Nitekim Amerikan menşeli ‘Arabulucular İçin Uygun Davranış Modeli’ de arabulucuyu ‘taraflar arasındaki ihtilafın gönüllü olarak çözümlenme sürecinde iletişimi ve uzlaşmayı kolaylaştıran tarafsız üçüncü kişi’ olarak tanımlamaktadır. Bu tanım göreceli olarak biraz idare edici bir tanımdır. Zira Amerikan uygulamasında arabulucu ‘kolaylaştırıcı’, ‘meydana getirici’, ‘geliştirici’, ‘karşılıklı anlayışın gelişmesine odaklı’, ‘tedavi edici’ gibi değişik roller oynamaktadır.
Arabulucuya verilen bütün bu rollerde, arabuluculuğun esas amacını ve işlevini oluşturan; ihtilaflı hususları ortaya çıkarmayı, paylaşmaya odaklanmayı, tarafların değerlerinin ve çıkarlarının altında yatan nedenleri anlamayı, tarafların sırayla ve verimlilikle ve tam olarak birbirleriyle iletişim kurmalarına yardımcı olmayı, kendi çözümlerini bulmaları ve bunu aralarındaki ihtilafa uyarlayarak çözmeleri konusunda tarafları teşvik etmeyi esas alan özellikler mevcuttur.
Esasen ve en geniş şekliyle uyuşmazlık çözümünün mahkeme dışına çıkması ve o yolla çözümlenmesi anlamına gelen ve o nedenle ‘Amicable/Dostane, Alternative/Alternatif, Appropriate/Uygun’ sözcüklerinin baş harflerini oluşturan (A) harfinin her biri uyuşmazlık yönetiminde özel bir yaklaşımı temsil eder. Bu bağlamda, ‘Appropriate Dispute Resolution/Uygun Uyuşmazlık Çözümü’ bütünsel/holistik taraf özerkliğine işaret etmekte iken, ‘Alternative Dispute Resolution/Alternatif Uyuşmazlık Çözümü’ geleneksel dava açılmasını dışarıda bırakır, saf ‘Amicable Dispute Resolution/Dostane Uyuşmazlık Çözümü’ ise sadece uyuşmazlığı çözmeyi amaçlar.

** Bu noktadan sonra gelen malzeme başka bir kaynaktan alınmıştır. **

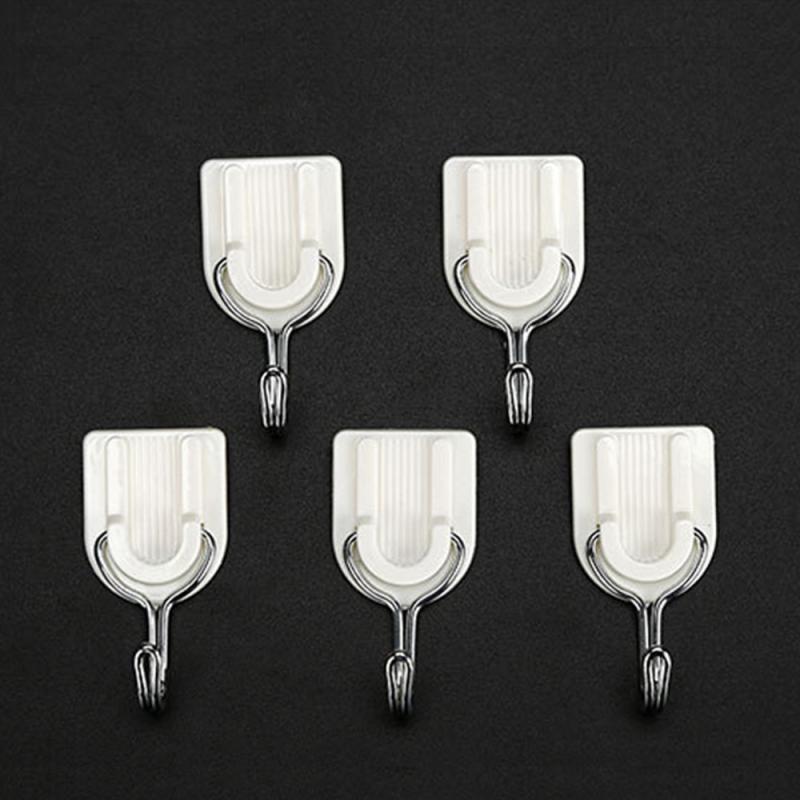 CHIPLY COD Kitchen Bathroom Free Punching Hook PVC Strong Plastic Sticky Hook Traceless Hook Simple Convenience Self Adhesive Hooks Hanger Wall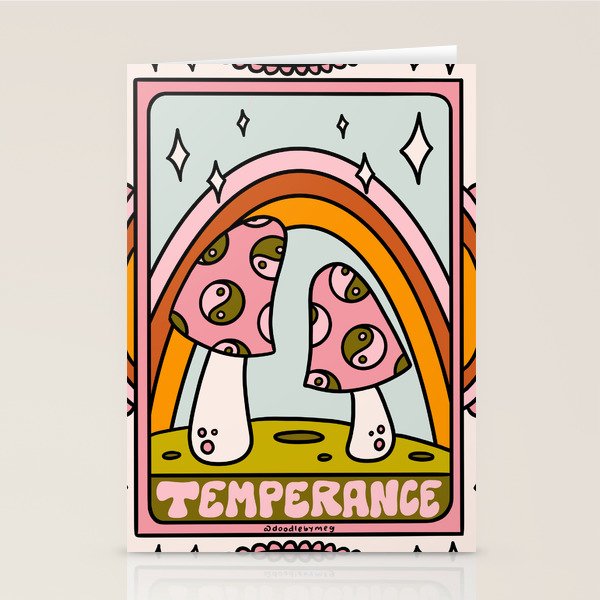 14. Temperance Tarot Mushroom Stationery Card Gallery Image 2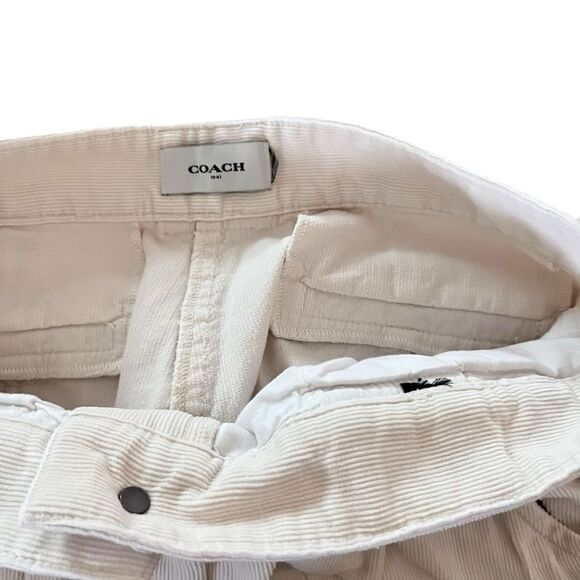 Coach Cream Corduroy Utility Cargo Pants - Picture 8 of 8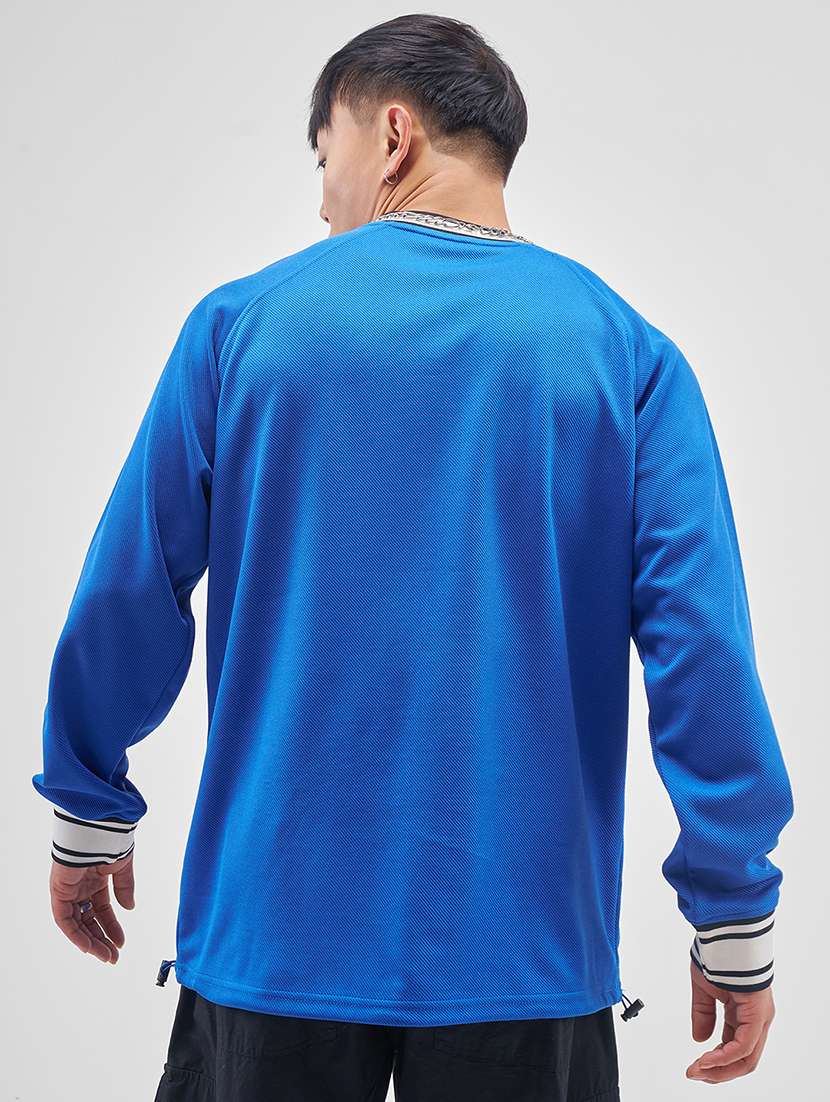 Men Solid Long Sleeve Oversized T-shirt - 22503836 -  Standard Image - 4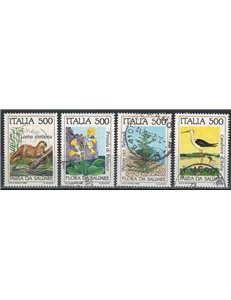 ITALY 1985 Flora and fauna to be saved 4v us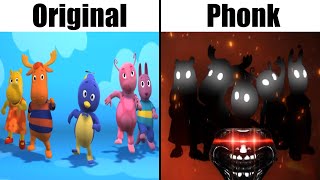 Backyardigans Original VS Backyardigans Phonk [upl. by Sew888]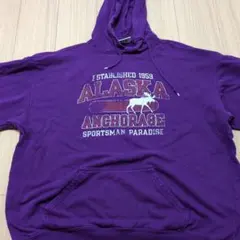 ALASKA ANCHORAGE パーカー パープル 2XL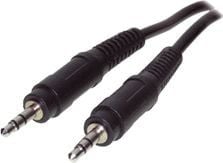 2GO 351021, 3.5mm, Hankjønn, 3.5mm, Hankjønn, 1,5 m, Sort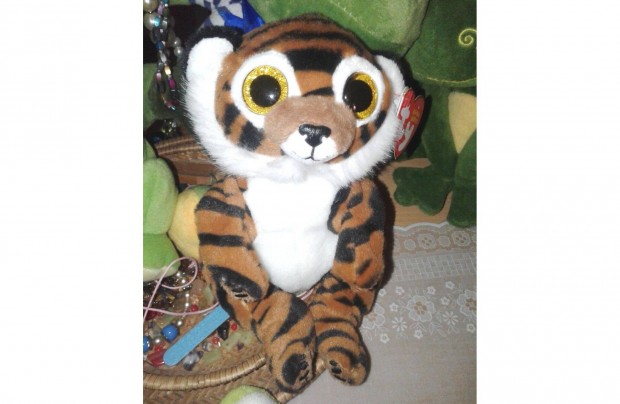 Imádnivaló Ty tigris pihe-puha cukorfalat plüss Beanie Babies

Arabulucuların bu çerçevede görev yapabilmeleri, taraflara aralarındaki ihtilafı çözmeleri konusunda yardımcı olabilmeleri için, sadece hukukçu olmaları, hukuk eğitiminden geçmiş bulunmaları yetmez. Ayrıca iletişim ve çatışma becerileri, psikoloji, sosyal psikoloji konularında da eğitimli olmaları gerekir. Zira arabulucu konumunda olan kişi masaya oturan ihtilafın taraflarının bütün davranışlarını, kişilik özelliklerini izlemek suretiyle tespit etmek, görüşme ve müzakere sürecinde öfkesini kontrol edemeyen tarafları sakinleştirecek teknikleri bilmek ve uygulamak, empati yapabilmek ve yine sağlıklı iletişim kurmanın ve bunu sürdürmenin en önemli ve etkili aracı olan beden dilini iyi kullanmak zorundadır.
Arabulucunun bütün bu konularda ehil olmasının, bilgisi ve kişiliği ile taraflar güven vermesinin yanısıra önemli olan bir diğer husus da, müzakere teknikleri hususunda bilgili, deneyimli, becerili olmasıdır.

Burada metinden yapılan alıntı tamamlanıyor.